** Opening Data excerpts block **

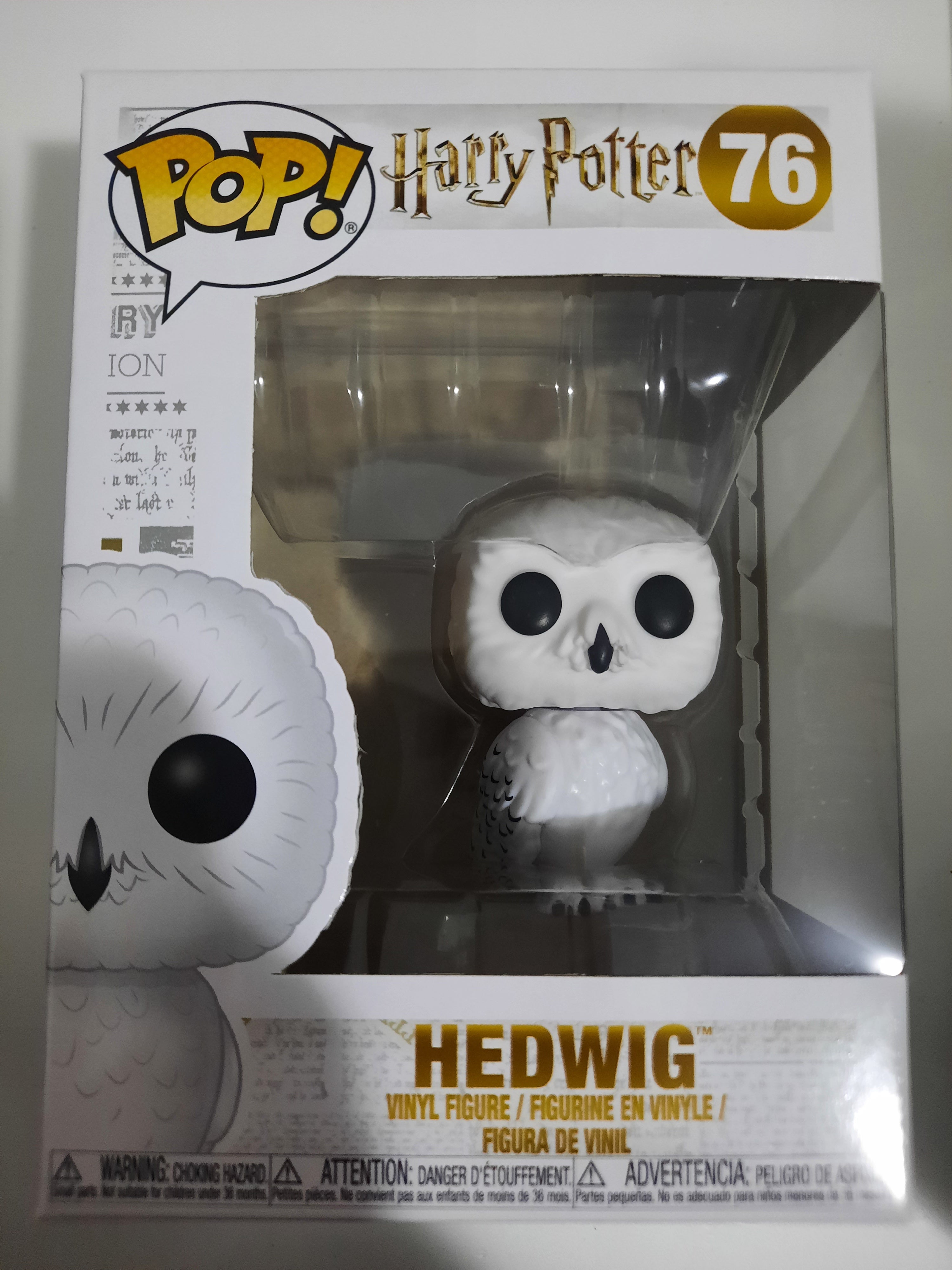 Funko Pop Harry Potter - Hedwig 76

** Closing Data excerpts block **
** Opening Data excerpts block **

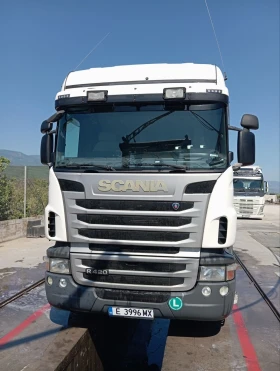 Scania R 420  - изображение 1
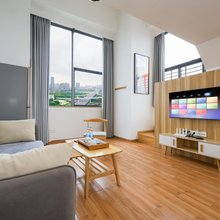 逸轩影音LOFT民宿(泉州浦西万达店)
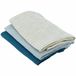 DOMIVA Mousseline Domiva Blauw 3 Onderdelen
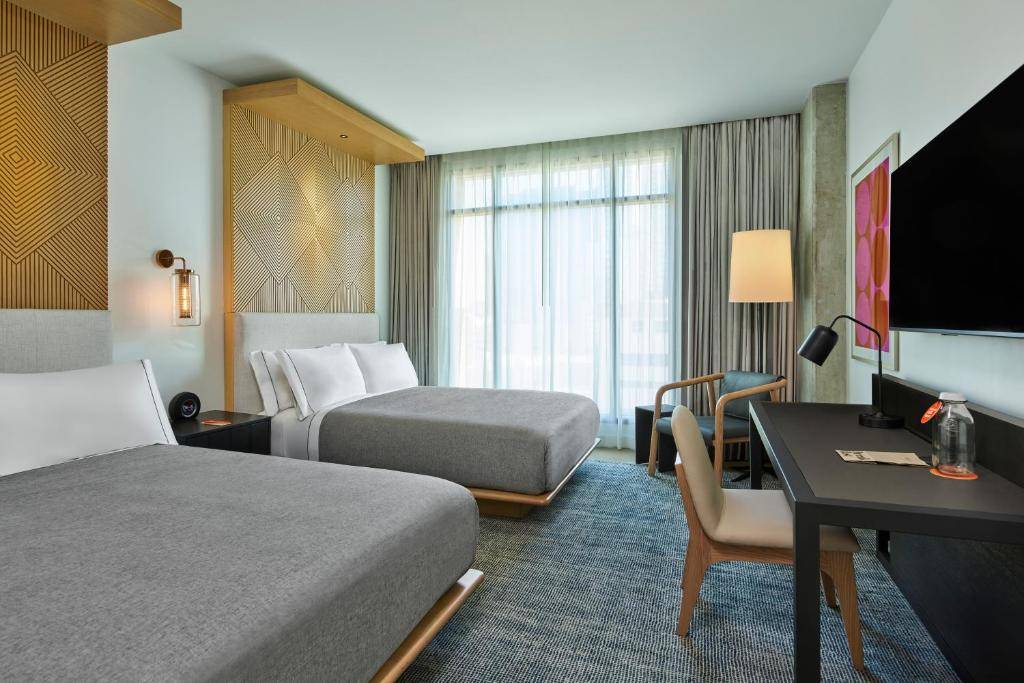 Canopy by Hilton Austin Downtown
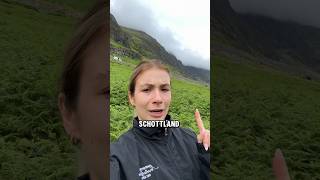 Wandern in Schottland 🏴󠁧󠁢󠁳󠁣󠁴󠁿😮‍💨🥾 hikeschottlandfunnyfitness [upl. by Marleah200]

** Closing Data excerpts block **
** Opening Data excerpts block **

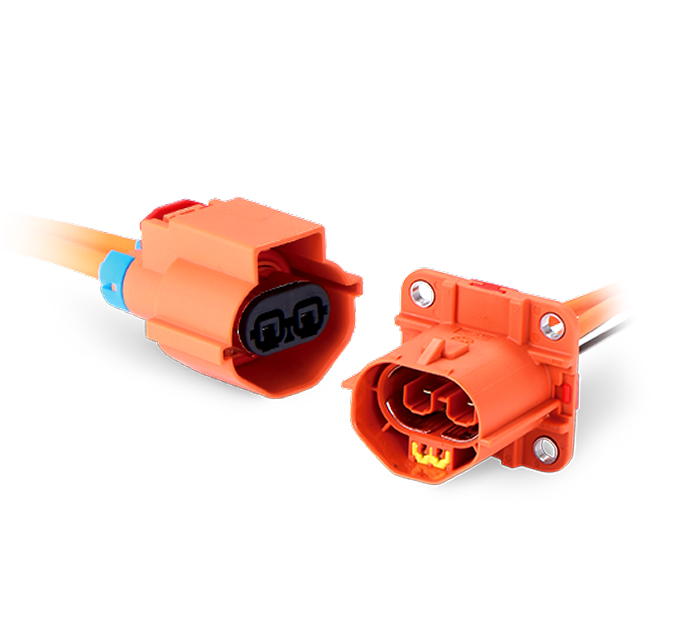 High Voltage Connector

** Closing Data excerpts block **

**Work order**
Set the pictures aside and transcribe exactly the stretch of lines above, beginning with the one holding "逸轩影音LOFT民宿(泉州浦西万达店)" and ending with the one holding "Wandern in Schottland".

**Task result**
 逸轩影音LOFT民宿(泉州浦西万达店)
 DOMIVA Mousseline Domiva Blauw 3 Onderdelen
 Canopy by Hilton Austin Downtown
 Wandern in Schottland 🏴󠁧󠁢󠁳󠁣󠁴󠁿😮‍💨🥾 hikeschottlandfunnyfitness [upl. by Marleah200]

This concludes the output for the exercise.